╭─ Study material

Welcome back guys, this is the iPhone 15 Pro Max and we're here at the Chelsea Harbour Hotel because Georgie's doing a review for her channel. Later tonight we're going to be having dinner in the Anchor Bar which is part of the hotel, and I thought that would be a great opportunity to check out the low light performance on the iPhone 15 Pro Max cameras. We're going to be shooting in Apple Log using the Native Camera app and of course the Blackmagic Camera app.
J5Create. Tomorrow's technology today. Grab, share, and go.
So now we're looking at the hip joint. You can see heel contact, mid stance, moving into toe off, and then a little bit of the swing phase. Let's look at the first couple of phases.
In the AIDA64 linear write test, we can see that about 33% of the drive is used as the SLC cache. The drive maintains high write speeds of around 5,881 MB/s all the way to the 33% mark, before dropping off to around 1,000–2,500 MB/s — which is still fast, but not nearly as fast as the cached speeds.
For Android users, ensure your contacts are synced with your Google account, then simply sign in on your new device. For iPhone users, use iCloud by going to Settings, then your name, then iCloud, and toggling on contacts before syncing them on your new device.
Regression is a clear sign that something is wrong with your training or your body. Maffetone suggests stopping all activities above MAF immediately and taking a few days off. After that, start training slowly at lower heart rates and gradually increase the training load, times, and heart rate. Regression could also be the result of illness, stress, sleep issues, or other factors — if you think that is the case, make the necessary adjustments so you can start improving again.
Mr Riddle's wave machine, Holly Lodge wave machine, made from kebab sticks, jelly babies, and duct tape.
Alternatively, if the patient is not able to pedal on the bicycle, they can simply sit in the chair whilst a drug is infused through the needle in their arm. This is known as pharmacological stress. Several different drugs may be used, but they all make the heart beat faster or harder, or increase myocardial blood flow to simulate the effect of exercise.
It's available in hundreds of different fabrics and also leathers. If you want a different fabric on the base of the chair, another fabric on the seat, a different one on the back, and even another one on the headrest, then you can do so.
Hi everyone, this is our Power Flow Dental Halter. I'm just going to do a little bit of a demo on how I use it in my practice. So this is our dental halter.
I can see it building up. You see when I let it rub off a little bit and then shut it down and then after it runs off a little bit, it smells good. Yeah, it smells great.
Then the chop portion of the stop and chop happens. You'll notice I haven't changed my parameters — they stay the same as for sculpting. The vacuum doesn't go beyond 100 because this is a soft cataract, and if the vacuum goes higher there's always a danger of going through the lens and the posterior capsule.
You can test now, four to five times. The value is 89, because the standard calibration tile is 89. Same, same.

╰─

How to complete this task> The result should be every line that contains "chair", copied from the entries.

Your solution>
Alternatively, if the patient is not able to pedal on the bicycle, they can simply sit in the chair whilst a drug is infused through the needle in their arm. This is known as pharmacological stress. Several different drugs may be used, but they all make the heart beat faster or harder, or increase myocardial blood flow to simulate the effect of exercise.
It's available in hundreds of different fabrics and also leathers. If you want a different fabric on the base of the chair, another fabric on the seat, a different one on the back, and even another one on the headrest, then you can do so.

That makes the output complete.